Perdeu-se a oportunidade de incrementar o transporte público, as telecomunicações, os aeroportos. Mas certamente criaram-se e ainda serão criados empregos e circulará um bom dinheiro. Basta ter seriedade e fiscalização. E isso o povo pode cobrar agora e nas urnas.
Também é preciso aprender a respeitar o próximo, o cidadão. Os serviços no Brasil são péssimos. Ainda recebemos mal demais os visitantes, e eles continuam querendo vir.
Não sou hipócrita. A Copa é o maior evento esportivo e sou um jornalista que cobre esportes. Ter esse evento no Brasil é uma grande possibilidade em minha área.
Mas não vivo em uma redoma. E ao contrário do que muito babaca escreve em rede social, nunca recebi uma orientação da empresa que me paga para deixar de falar algo e jamais fui repreendido por falar alguma coisa. Mas é bom posar de revoltado usando uma vitrine grande, sem saber do que se trata.
Esse é outro problema do Brasil, a ignorância. Pior que ser burro, é ser ignorante por desconhecimento, despreparo, mesmo tendo dinheiro e condição para se informar.
Aí vira uma salada russa. Sonegador vira manifestante, funcionário público fantasma acha que pode se vestir de branco e reclamar contra ele mesmo, contra qualquer coisa. Dono de carro importado reclama do preço do metrô, a presidente acha que os protestos não são também contra ela.
Enquanto tudo isso gira, a bola rola. Com bons jogos, alguns espetaculares, como Japão e Itália. Felipão tenta dar um tom ufanista para lá de fora de moda à seleção. Mas pelo menos consegue fazer o time evoluir.
O estádio incompleto não honra o povo pernambucano. O Castelão está pronto, mas chegar e sair dele é um martírio. Quem tem de dar informação não sabe, a comida é uma ofensa de cara e ruim. Os integrantes dos tribunais esportivos gozam da boa vida de convidados da CBF. O estádio erguido no terreno onde havia o Maracanã é belíssimo, mas me pergunto quanto custará a próxima reforma até a Olimpíada?
Em Salvador, para onde vou agora, a água brota de tomadas e monitores de TV no aeroporto, mas a caríssima e até agora inútil transposição do São Francisco está emperrada e o sertão segue morrendo de sede, como sempre morreu.
Eu quero a Copa no Brasil e acho que pode ser legal. Mas quero que quem meteu a mão vá para a cadeia, que estádios erguidos com dinheiro público ofereçam serviços para o público, e que o País esteja cheio de gringos bem recebidos, em bons aeroportos, hotéis, interagindo, consumindo.
E quero que os protestos continuem, que os vândalos sejam presos, que apareçam novas lideranças antenadas com o mundo atual, que entendam que 1968 já passou faz tempo e que as ideologias antigas, de direita, centro e esquerda envelheceram mal. 
A molecada de hoje é muito mais rápida, esperta, apressada.

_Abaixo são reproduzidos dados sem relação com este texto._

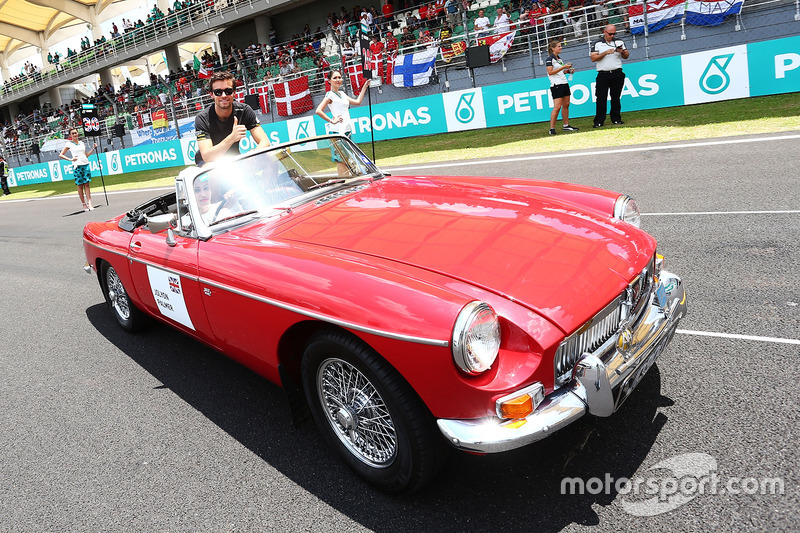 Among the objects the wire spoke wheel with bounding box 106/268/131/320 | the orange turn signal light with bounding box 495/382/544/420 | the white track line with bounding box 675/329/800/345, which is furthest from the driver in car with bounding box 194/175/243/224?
the white track line with bounding box 675/329/800/345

Eles querem ser respeitados. 
Estão insatisfeitos. Eu estou com eles, mas sem violência e sem vandalismo.

3 comentários:

Bira Castellano disse...

Perfeito, grande Nori. E Reforma Tributária, Já! O mal cortado pela raiz é a solução para todo o resto.

eliana ortiz disse...

Concordo plenamente com seu texto, muito bom. Está mesmo virando uma salada e muita gente nem sabe o que fala. Fiscalização e honestidade, é isso que falta. Eu também acho que a FIFA não tem culpa de nada, o Brasil (o governo querendo ostentação) é quem procurou. E seria péssimo cancelar a Copa de 2014. Parabéns por dizer o que pensa e por promover a discussão e o debate em sua página do face.

Luciano disse...

Norasca, uma coisa que eu nao aguento é que, ao contrário de você, muita gente na imprensa ofende a minha inteligência. No vale tudo para ganhar $$$, fazem de tudo para promover um espetáculo que já nem existe mais -- o futebol brasileiro está tétrico e basta assistir 45 minutos de Espanha x Uruguai para perceber que estamos jogando outro esporte -- um sub-futebol. Infelizmente isso não é dito, a não ser pelos "heróis" de sempre (você, Tostão, a turma da ESPN etc). Há décadas nos fazem engolir historinhas para promover algo que é triste. Fizeram o país acreditar que a selecinha de 1994 jogou bola (aquilo foi uma piada), fizeram o país crer que em 2002 ganhamos por causa do Felipão (e não apesar dele), fizeram o Brasil acreditar que a selecinha de Dunga era boa. Isso é ofensivo, é um desrespeito à minha inteligência, e enquanto seguirmos mentindo e nos enganando não iremos pra frente!